> _PROBLEM DESCRIPTION_
Leaving every image behind, reproduce the records word for word.

> _SUPPLIED MATERIAL_

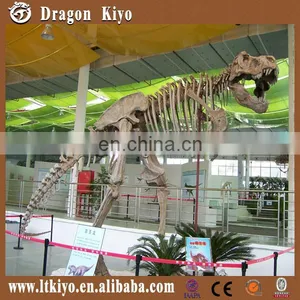 2015 Life Size Dinosaur Park Equipment Dinosaur Skeleton thumbnail-1
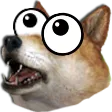 The Doge House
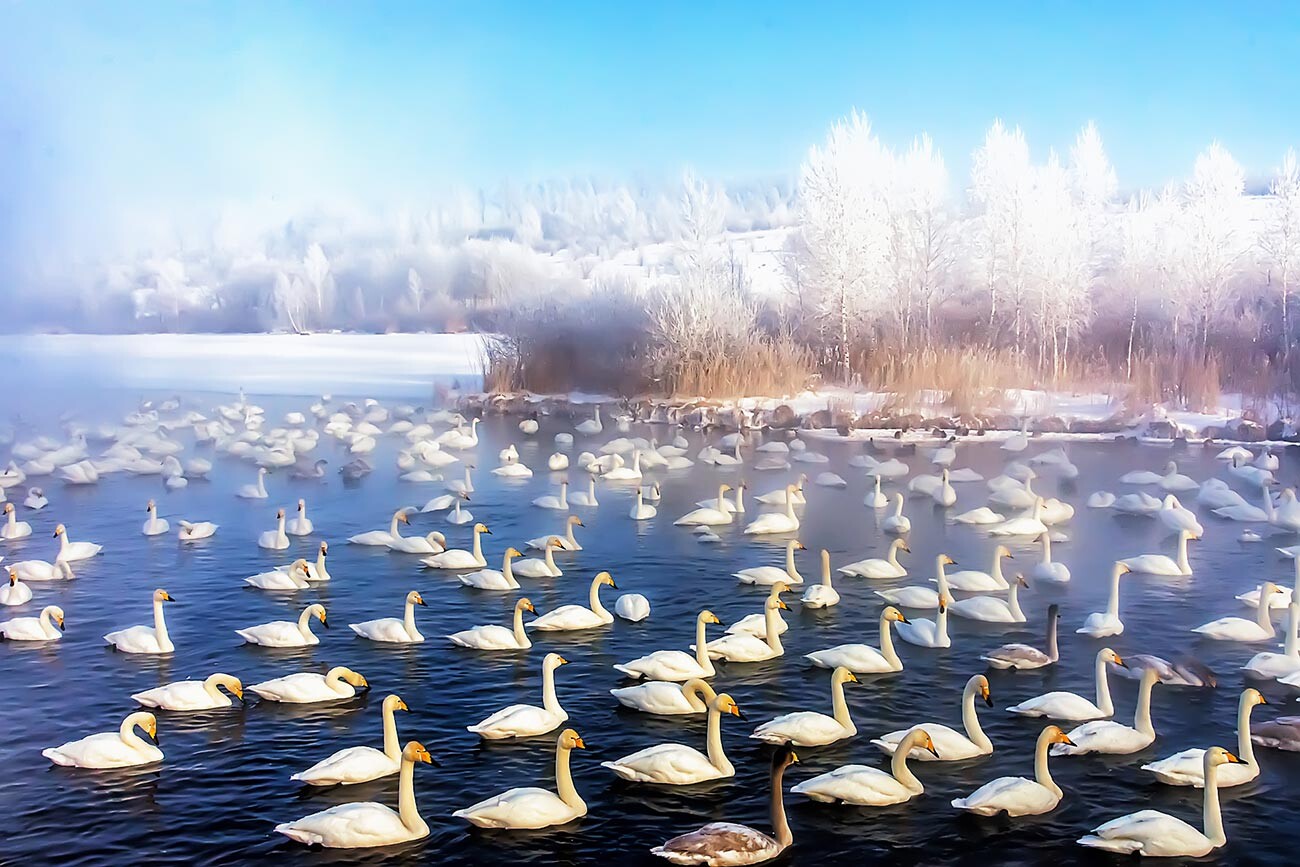 「白鳥の湖で」―ウラジーミル・イワノフ。この写真は「守られたロシア」カテゴリーで特別賞を受賞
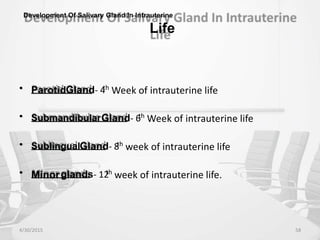 Development Of Salivary Gland In Intrauterine
Life
• ParotidGland- 4
th
Week of intrauterine life
• SubmandibularGland- 6
th
Week of intrauterine life
• SublingualGland- 8
th
week of intrauterine life
• Minorglands- 12
th
week of intrauterine life.
4/30/2015 58
 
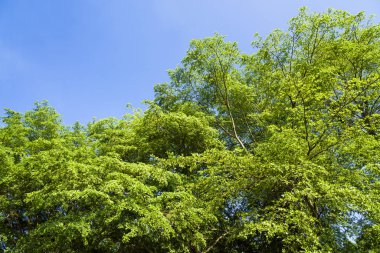 Mavi arkaplanı olan yemyeşil ağaçlar..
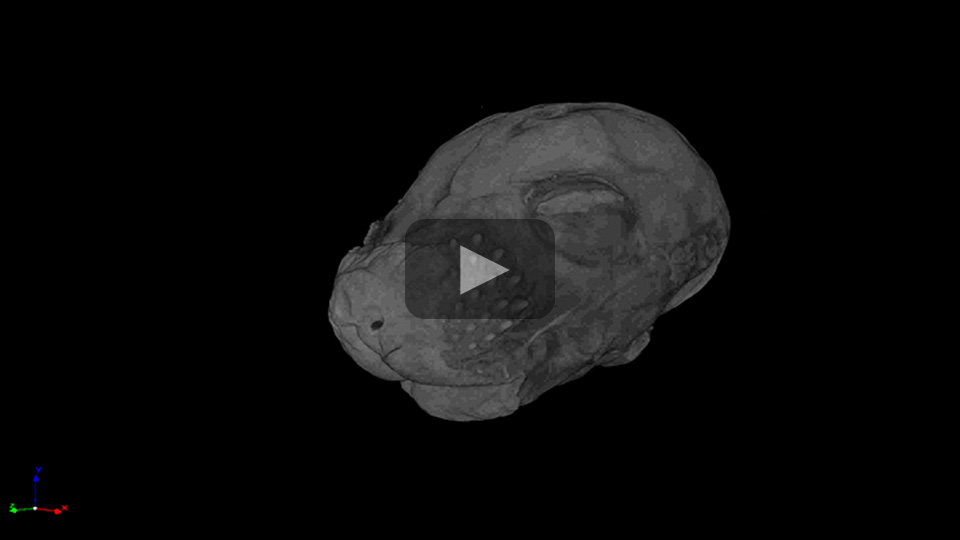 video of CT scan of mouse's head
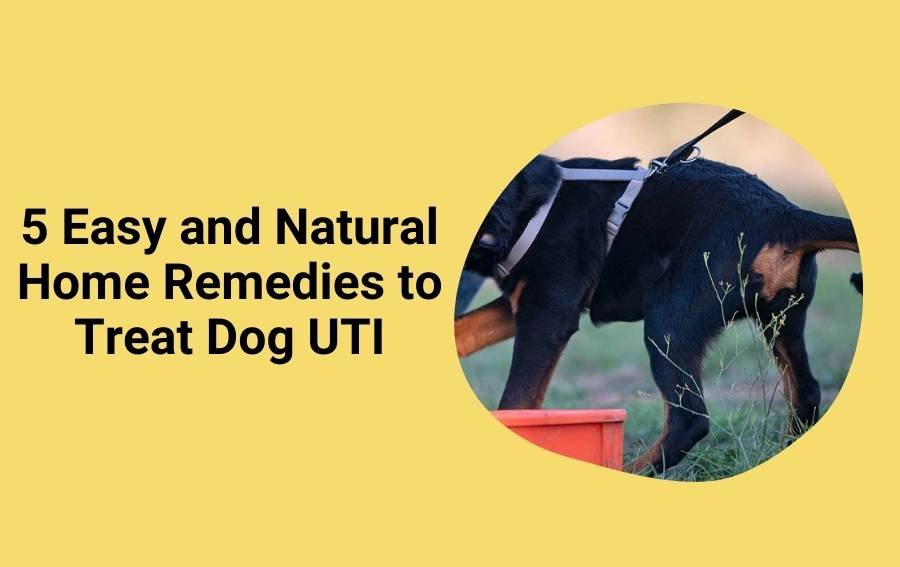 5 Easy and Natural Home Remedies to Treat Dog UTI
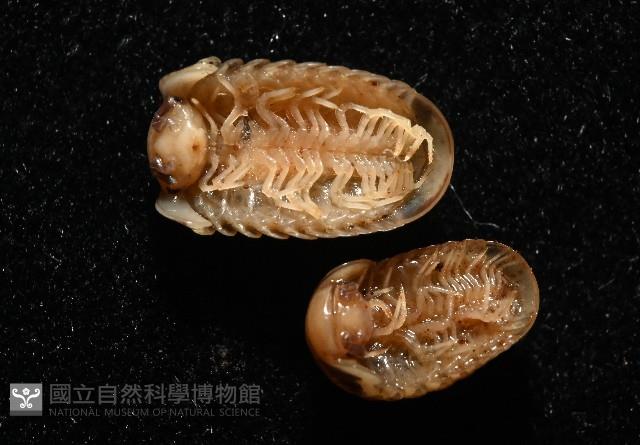 雙色木球馬陸藏品圖，第5張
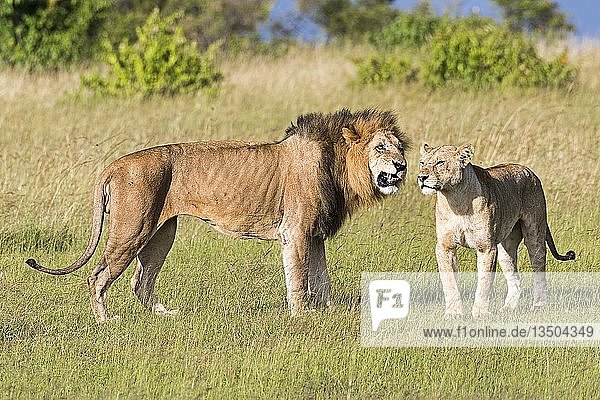 Löwen (Panthera leo)  balzendes Paar  Masai Mara  Bezirk Narok  Kenia  Afrika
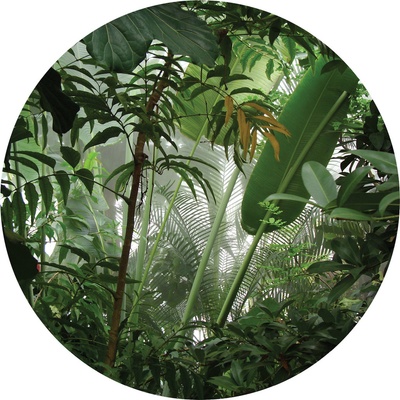 AG Design CR3313 Samolepicí vliesová fototapeta Jungle rozměry 140 x 140 cm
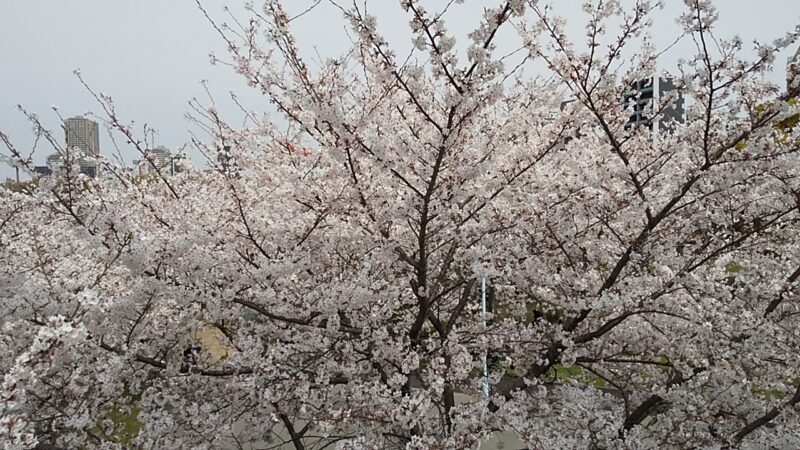 桜。。。。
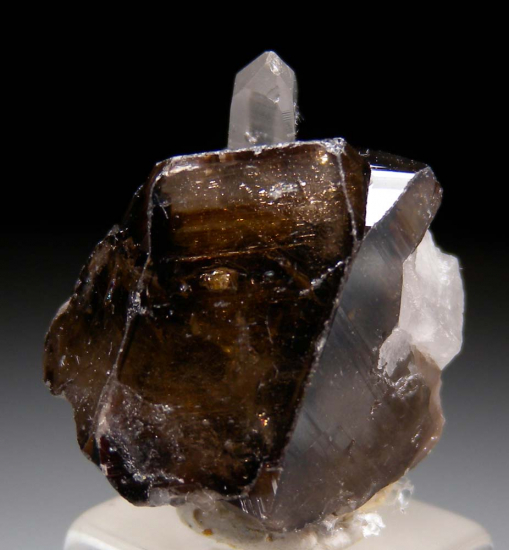 Cassiterite with Quartz from Yunnan Prov., China [db_pics/pics/fm130b.jpg]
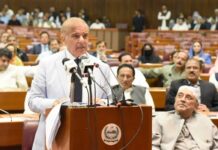 In seeking to come into power, did Shehbaz Sharif make a mistake?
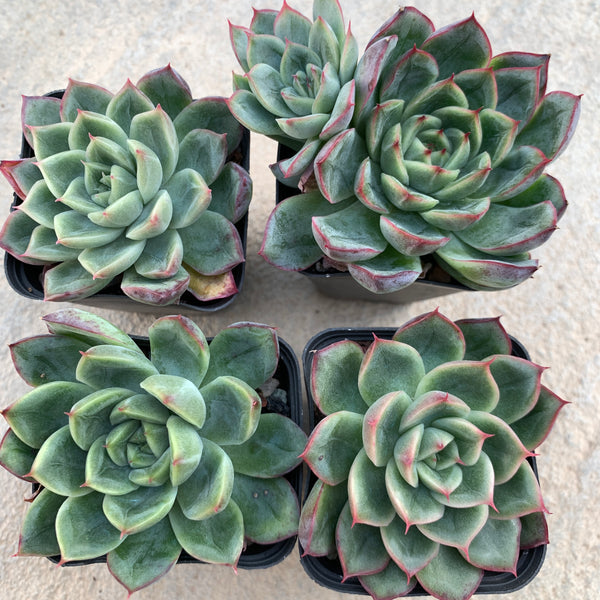 Echeveria Soul Light (with pattern lines) 灵光 （暗纹系）- Succulents Delight 2022 New Hybrid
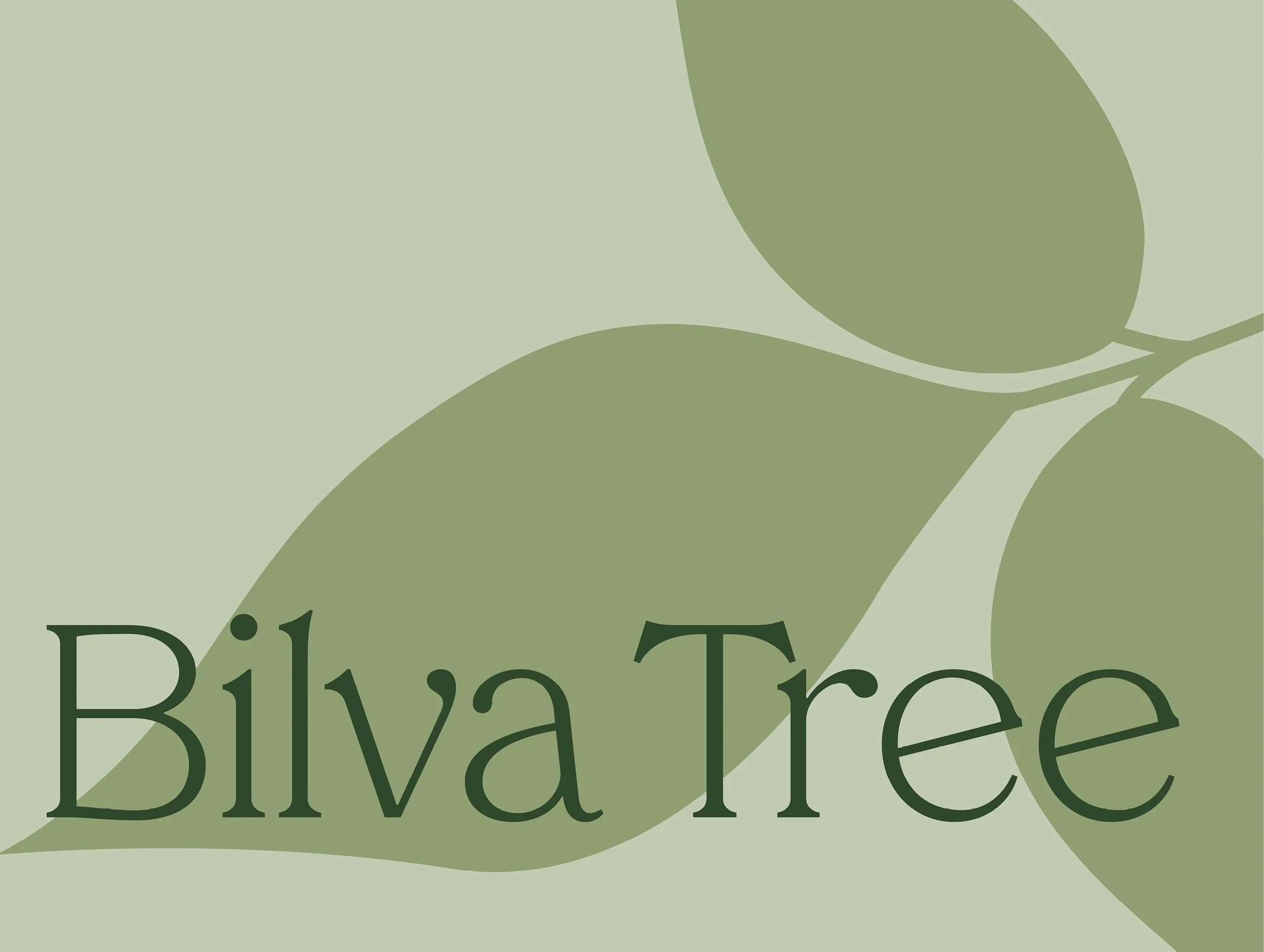 Bilva Tree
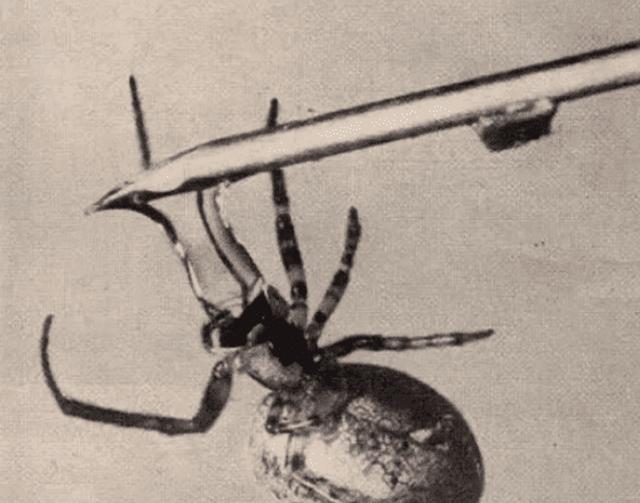 品毒是什么意思,品毒是什么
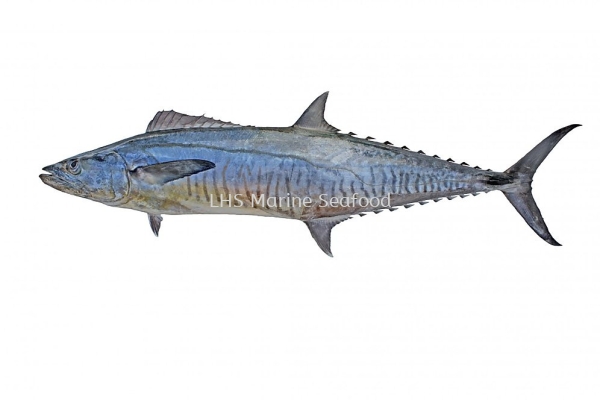 Fish Spanish Mackerel 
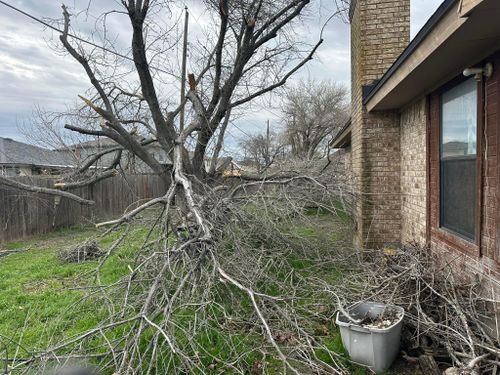 Mowing for Allen Lawn Care in Taylor, Texas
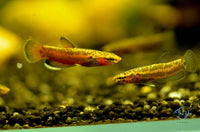 Load image into Gallery viewer, Betta Albimarginata Pair
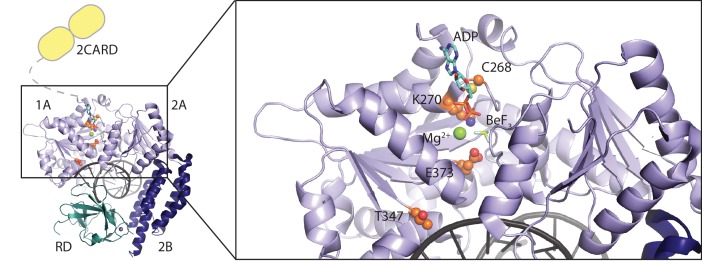 Figure 1—figure supplement 1.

> _RESULT_
 2015 Life Size Dinosaur Park Equipment Dinosaur Skeleton thumbnail-1
 The Doge House
 「白鳥の湖で」―ウラジーミル・イワノフ。この写真は「守られたロシア」カテゴリーで特別賞を受賞
 Development Of Salivary Gland In Intrauterine
Life
• ParotidGland- 4
th
Week of intrauterine life
• SubmandibularGland- 6
th
Week of intrauterine life
• SublingualGland- 8
th
week of intrauterine life
• Minorglands- 12
th
week of intrauterine life.
4/30/2015 58
 
 Mavi arkaplanı olan yemyeşil ağaçlar..
 video of CT scan of mouse's head
 5 Easy and Natural Home Remedies to Treat Dog UTI
 雙色木球馬陸藏品圖，第5張
 Löwen (Panthera leo)  balzendes Paar  Masai Mara  Bezirk Narok  Kenia  Afrika
 AG Design CR3313 Samolepicí vliesová fototapeta Jungle rozměry 140 x 140 cm
 桜。。。。
 Cassiterite with Quartz from Yunnan Prov., China [db_pics/pics/fm130b.jpg]
 In seeking to come into power, did Shehbaz Sharif make a mistake?
 Echeveria Soul Light (with pattern lines) 灵光 （暗纹系）- Succulents Delight 2022 New Hybrid
 Bilva Tree
 品毒是什么意思,品毒是什么
 Fish Spanish Mackerel 
 Mowing for Allen Lawn Care in Taylor, Texas
 Load image into Gallery viewer, Betta Albimarginata Pair
 Figure 1—figure supplement 1.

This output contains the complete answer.